The aim of this paper is to evaluate the performance of the newly introduced Rao-1 algorithm in identifying the unknown parameters for battery’s equivalent circuit model. The algorithm is constructed based only on arithmetic operation and do not include any specific or complex parameters. The Rao-1 approach was examined using high-accuracy experimental data, and the achieved results demonstrated the effectiveness and reliability of the proposed method compared to other optimization approaches for the parameter estimation of LiBs. This algorithm accomplished a minimum RMSE with few iteration numbers, $4.3428\times {10}^{-3}$ and Std of $2.1852\times {10}^{-3}$, representing a high accuracy and robustness in predicting the battery voltage comportment. Moreover, with the high closing between the calculated and the real characteristic, the Rao-1 approach can be used as an efficiency tool for battery management systems.
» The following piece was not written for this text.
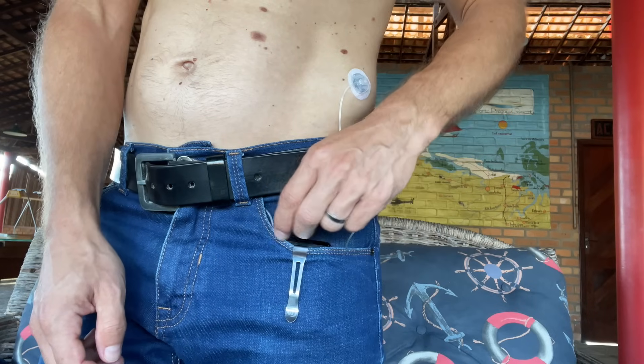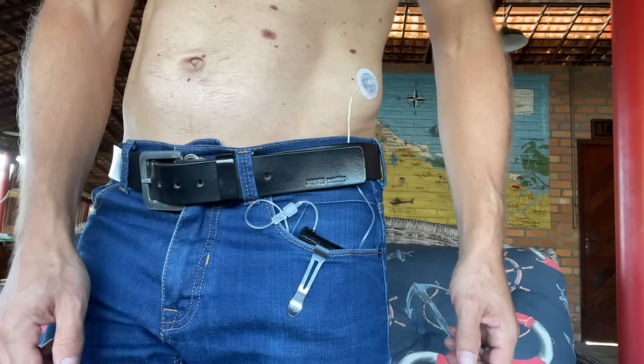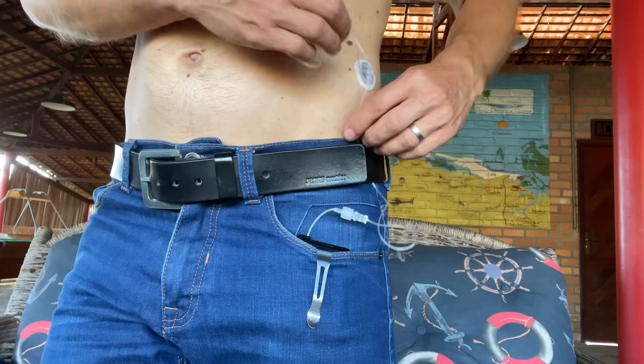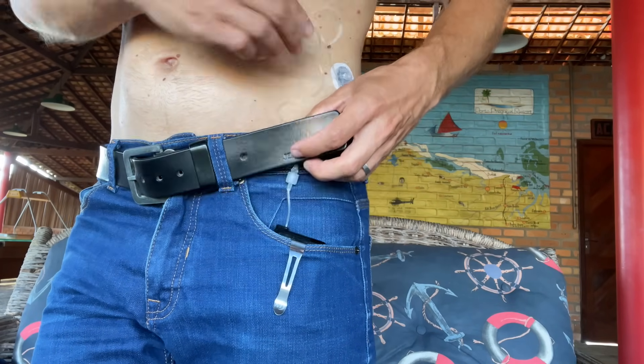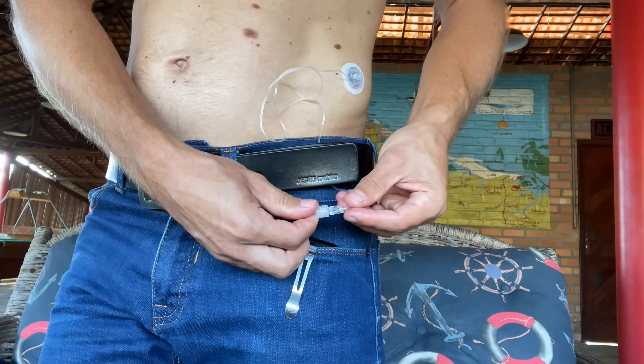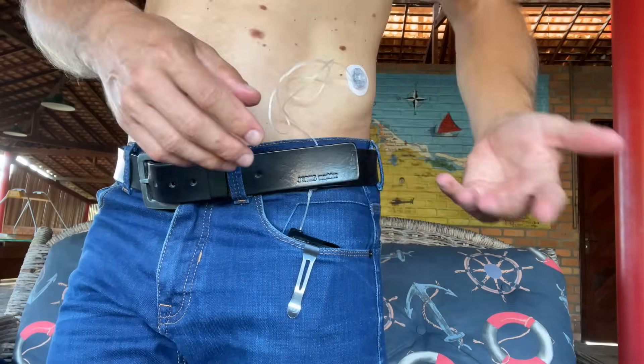Number four is this connector on the tubing, which I honestly hate. It looks so medical and makes your tubing stick out of your pocket. When I wear my pump on a clip in my jeans pocket — my favorite way — I can't tuck the tubing under my belt to hide it because the connector is quite hard and would hurt my hip.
As a response to concerns about the potential impact of changing battery parameters on SOC estimation, we have proactively considered strategies to address this challenge. Our research leveraged real-world data to capture the actual operating conditions faced by Li-ion batteries, enhancing the algorithm’s adaptability. Additionally, we recommend the periodic recalibration of the battery model to align it with the evolving characteristics. Continuous monitoring and feedback mechanisms can further enhance accuracy over time. As we move forward, we hope to further explore and refine the Rao-1 algorithm and other prominent metaheuristic algorithms. We also aim to integrate them into battery management systems, taking into account crucial factors such as temperature, aging, and other significant variables. This approach contributes to more efficient and reliable energy storage solutions.